One fear you might have is that you won’t know what to say. While that is a real fear, we don’t have to let it keep us from making disciples. You see, Jesus hasn’t left us alone. At the end of verse 20 in Matthew 28, He says,

And behold, I am with you always, to the end of the age.”” (Mt 28:20b)

So as we are going about our day, Jesus is with us and He will give us what we need to make disciples.

Another fear you might have is that someone will respond negatively to your message. While that is a real fear, a fear I personally have, research tells us that only about 5% of people in the States will be hostile to the message of the gospel.

You know, I think that is true. Even though I am afraid of how people will react, personally I have never had anyone outright attack me because I talked with them about the gospel and only a few people have been rude. For the most part, everyone I have ever engaged in a gospel conversation has been respectful.

So while fear can be a real barrier to us making disciples, it doesn’t have to be because Jesus promises He will be with us and most people we engage will be receptive and polite.

(3) A loss of your first love

What I mean by that is that something else has captured your attention. Something has become more important to you, more exciting. You see, we talk about that which we are excited. That which we love. Think about your favorite restaurant or vacation spot.
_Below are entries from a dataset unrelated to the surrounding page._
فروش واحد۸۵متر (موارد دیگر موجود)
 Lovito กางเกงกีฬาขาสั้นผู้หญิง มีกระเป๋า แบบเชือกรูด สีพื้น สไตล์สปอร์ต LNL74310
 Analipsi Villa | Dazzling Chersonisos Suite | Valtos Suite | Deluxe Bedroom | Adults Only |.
You share those things with people because they excite you.

But if you think about it, what is more exciting than the gospel? What is more exciting than knowing Jesus has willingly died in your place so that you might have life? If we are truly a believer, nothing should be more exciting than that.

So if you have lost your first love, if something has become more exciting than the gospel to you, then you need to meditate on the gospel. You need to preach the gospel to yourself until that excitement returns and you want to share that with other people.

(4) I need to get my life right first

But here is the thing, if we wait to get our life right before we make disciples, we are never going to make disciples because our life is never going to be completely right. Becoming a fully mature disciple of Christ is a process; a process that takes a lifetime.

Plus, Jesus never said we need to get our life right first before we can make disciples. Remember, His idea of “go” is “as you are going” As you are going through life. As you are growing in your Christian walk, you should be making disciples. You should be bringing others along on the journey with you to be more like Christ.

(5) I am just a sinner saved by grace, what right do I have to speak into another person’s life. 

That is true — you are a sinner saved by grace. But you have been given a commandment by Jesus to make disciples. And as Jesus’ disciple you are an ambassador of Jesus.

You know what Ambassadors do? They speak on behalf of another. Nations have Ambassadors. The United States has ambassadors. When they go to another country, they have the right to speak on behalf of our country. That is the same for us. As Christians we are Ambassadors of Jesus and we have the right to speak on behalf of Him.

Now when we speak to others we don’t do it harshly. We are sinners saved by grace so we need to exercise grace and mercy when we speak to others.

But the point is we have the right to speak to others. We have the right to make disciples and we have been given that right by Jesus.

So those are some of the barriers to making disciples. Admittedly, those can be difficult for us to overcome. They can take a lot of work for us to overcome. So why?

Why should we fight to Overcome These Barriers?

Fighting to overcome these barriers and making disciples is the only way our country is going to turn around. As well as if we don’t do it — if we don’t make disciples — no one else will. You see, we are God’s plan. God uses disciples to make disciples. So if we don’t do it, no one else is going to do it.

Question for Reflection

  1. What barriers have you faced in making disciples? How did you overcome them?